JAKARTA - Pembahasan undang-undang terkait jabatan di lingkungan militer masih menjadi perdebatan di tengah masyarakat. Berbagai pihak menyuarakan kekhawatiran terkait kemungkinan kembalinya dwifungsi ABRI, sebuah konsep yang pernah dominan di era Orde Baru.

Menanggapi hal tersebut, Wakil Ketua DPR RI, Saan Mustopa, menegaskan bahwa DPR dan pemerintah tetap berkomitmen terhadap supremasi sipil dan profesionalisme TNI.

DPR Pastikan TNI Tetap Profesional

Saan Mustopa menjelaskan bahwa tidak ada keinginan dari DPR maupun pemerintah untuk mengembalikan dwifungsi ABRI.

Ia menegaskan bahwa reformasi yang telah berjalan selama lebih dari dua dekade harus tetap dijaga, termasuk pemisahan peran TNI dan institusi sipil dalam ranah politik.

"Kami tetap menjaga semangat reformasi.

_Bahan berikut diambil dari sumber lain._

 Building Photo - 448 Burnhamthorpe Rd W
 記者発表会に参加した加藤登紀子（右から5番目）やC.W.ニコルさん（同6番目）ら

Supremasi sipil itu menjadi komitmen utama kami. Tidak ada sedikit pun keinginan dari DPR untuk mengembalikan dwifungsi ABRI. Kami ingin TNI tetap profesional dan fokus pada tugas pertahanan negara," ujar Saan Mustopa di Bandung, Jawa Barat, minggu (23/3/2025).

Menurut Saan, Rancangan Undang-Undang (RUU) yang tengah dibahas memang menimbulkan pro dan kontra. Namun, ia menegaskan bahwa dalam demokrasi, perbedaan pendapat adalah hal yang wajar. Ia juga memastikan bahwa seluruh proses legislasi dilakukan dengan tetap membuka ruang partisipasi publik.

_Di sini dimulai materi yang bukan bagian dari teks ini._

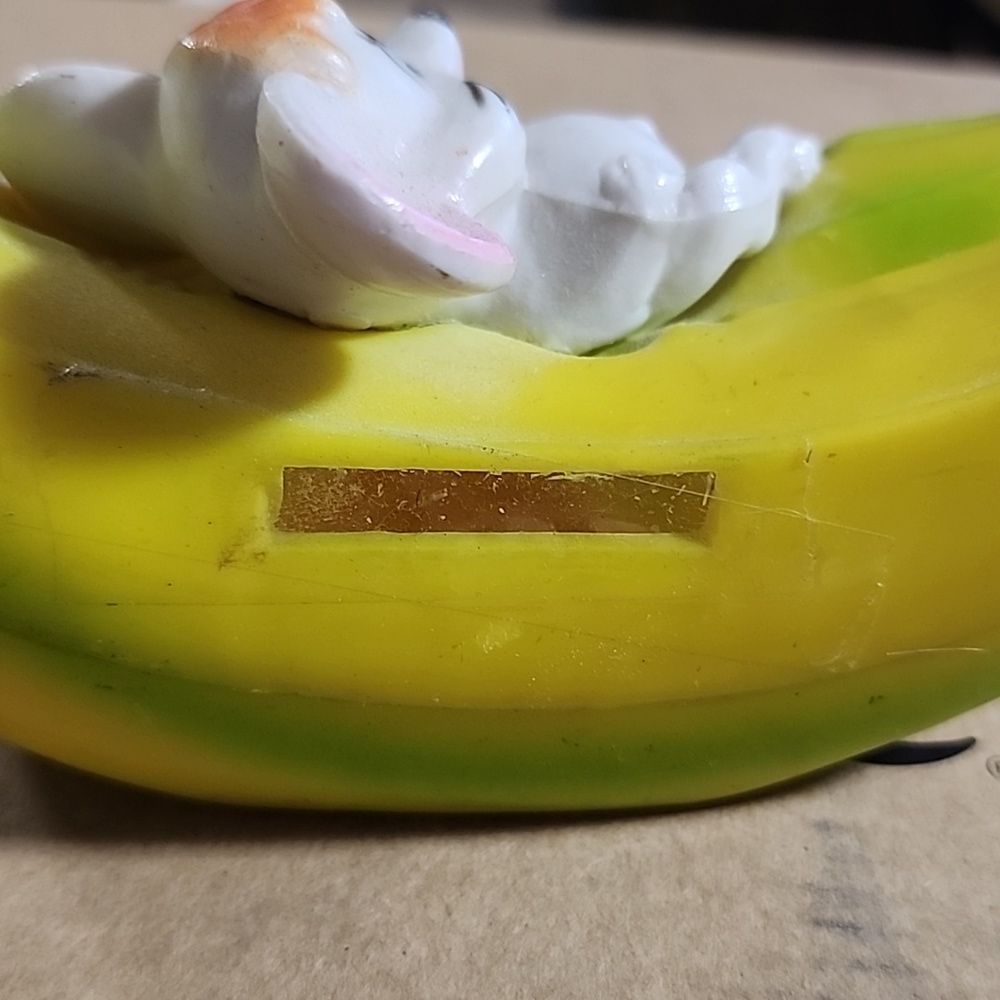 Vintage Hard Plastic Bank Big Eared Mouse Banana - Picture 4 of 5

RUU Dibahas Secara Transparan dan Partisipatif

Lebih lanjut, Saan menjelaskan bahwa pembahasan RUU TNI ini telah dilakukan melalui berbagai mekanisme, termasuk konsultasi dengan akademisi, pakar hukum, serta organisasi masyarakat sipil.

Ia juga menegaskan bahwa pembahasan tidak dilakukan secara terburu-buru, melainkan sudah diajukan sejak lama dan melewati berbagai tahapan.

"Banyak undang-undang yang dibahas secara maraton, bukan hanya ini saja. Prosesnya panjang, partisipasi publik tetap dibuka, dan kami berdiskusi dengan banyak pihak, termasuk akademisi dan masyarakat sipil. Jadi, tidak ada yang namanya terburu-buru," ungkapnya.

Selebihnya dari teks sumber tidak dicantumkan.